Critique parue en juillet 2022 dans Bifrost n° 107

Le changement climatique aidant, les pays ont dû évoluer. Tous ne sont pas parvenu à se sortir indemnes des désastres du ré­chauffement. En Inde, à Bangalore, c’est une société privée, Bell, qui a pris le contrôle. Et a réparti les habitants en trois grands groupes : les 20 % supérieurs, qui ont tous les privilèges et sont les décideurs ; les 70 % du milieu, qui vivent selon les préceptes de Bell, et tentent d’accéder aux 20 % en faisant croître leur indice de rentabilité ; enfin, les 10 % inférieurs, abandonnés à l’extérieur du bouclier de protection érigé autour de la ville, soumis à une chaleur im­placable et à la pauvreté, et dont les membres sont régulièrement « moissonnés », autrement dit tués afin de récupérer leurs organes. Tout le monde est sous la perpétuelle surveillance des machines qui examinent les progrès et les reculs de la Productivité de chacun, décidant ainsi du sort des citoyens.

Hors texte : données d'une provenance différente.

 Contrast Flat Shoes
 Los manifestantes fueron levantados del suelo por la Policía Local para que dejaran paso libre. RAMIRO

Pour faire découvrir sa société de l’intérieur, l’autrice fait vivre au lecteur le quotidien de nombreux habitants. La majorité du roman est en fait une série d’histoires plus ou moins courtes mettant en scène des personnages sans lien entre eux (en tout cas au début, car peu à peu, quelques connexions apparaissent, jusqu’au feu d’artifice final) issus de toutes les catégories. Un panorama en mode mosaïque, en somme, de cette so­ciété soumise aux volontés de quelques-uns, portée par le réseau et ses influenceurs/ influenceuses : des hautes sphères des dirigeants des grandes entreprises et des ré­seaux sociaux, tous dirigés vers la productivité et logés dans la partie protégée d’Apex City, jusqu’aux bas-fonds, de l’autre côté du bouclier électrique, du Méridien carnatique, dans le monde des Analogs. Lavanya Laksh­minarayan dresse des portraits variés de personnages divers, mais aux psychologies malheureusement souvent peu originales. Les habitants d’Apex City sont pour beaucoup des stéréotypes déjà vus ailleurs, ce qui donne à sa ville un côté hélas superficiel, et ceci en dépit du mélange des influences de l’autrice qui contrebalance cet aspect factice avec bonheur.

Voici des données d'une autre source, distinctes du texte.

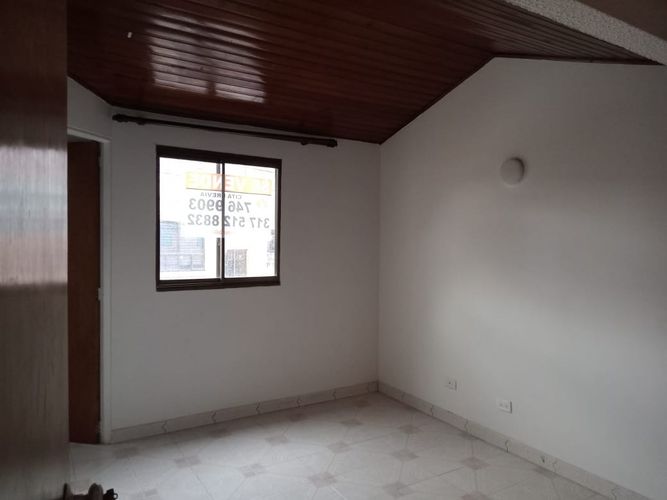 Casa de 3 alcobas en venta en Agrupacion La Cofradia, Bogotá, 72 m² · foto 15 de 24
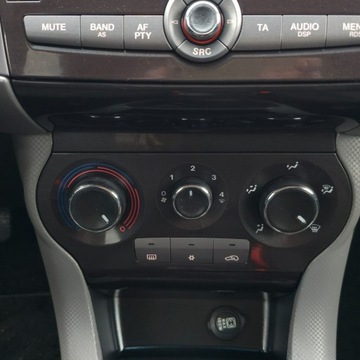 Fiat Bravo II Hatchback 5d Seria 2 1.4 16V 90KM 2013 Fiat Bravo 1.4 16V Dynamic, zdjęcie 29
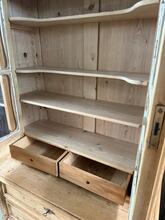 Antique style Cabinet in pine and glass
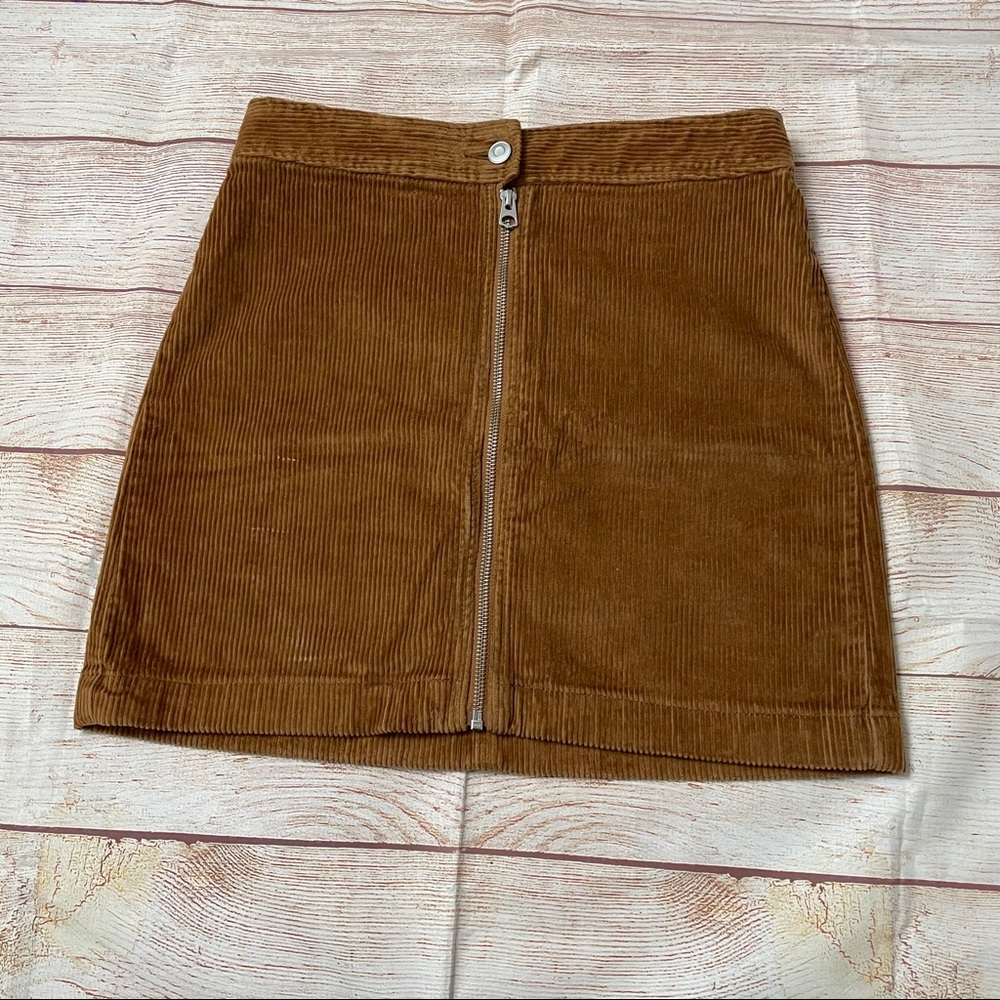 Aritzia Wilfred Free corduroy skirt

Reste un patchwork pas toujours bien agen­cé, au rythme bancal, mais attachant dans son message et la fraîcheur de certaines figures. Le côté très ancré dans les réseaux sociaux et leurs codes agace par moments, sans pour autant amoindrir le charme d’une histoire touchante. On aurait aimé vibrer davantage pour les tentatives de révolte des Analogs, réduits à l’état d’animaux par des Virtuels confits dans leur supériorité et suant la suffisance par tous les pores. Mais si la promenade manque parfois de structure, elle marque par son souffle différent de la production courante. Pour les curieux.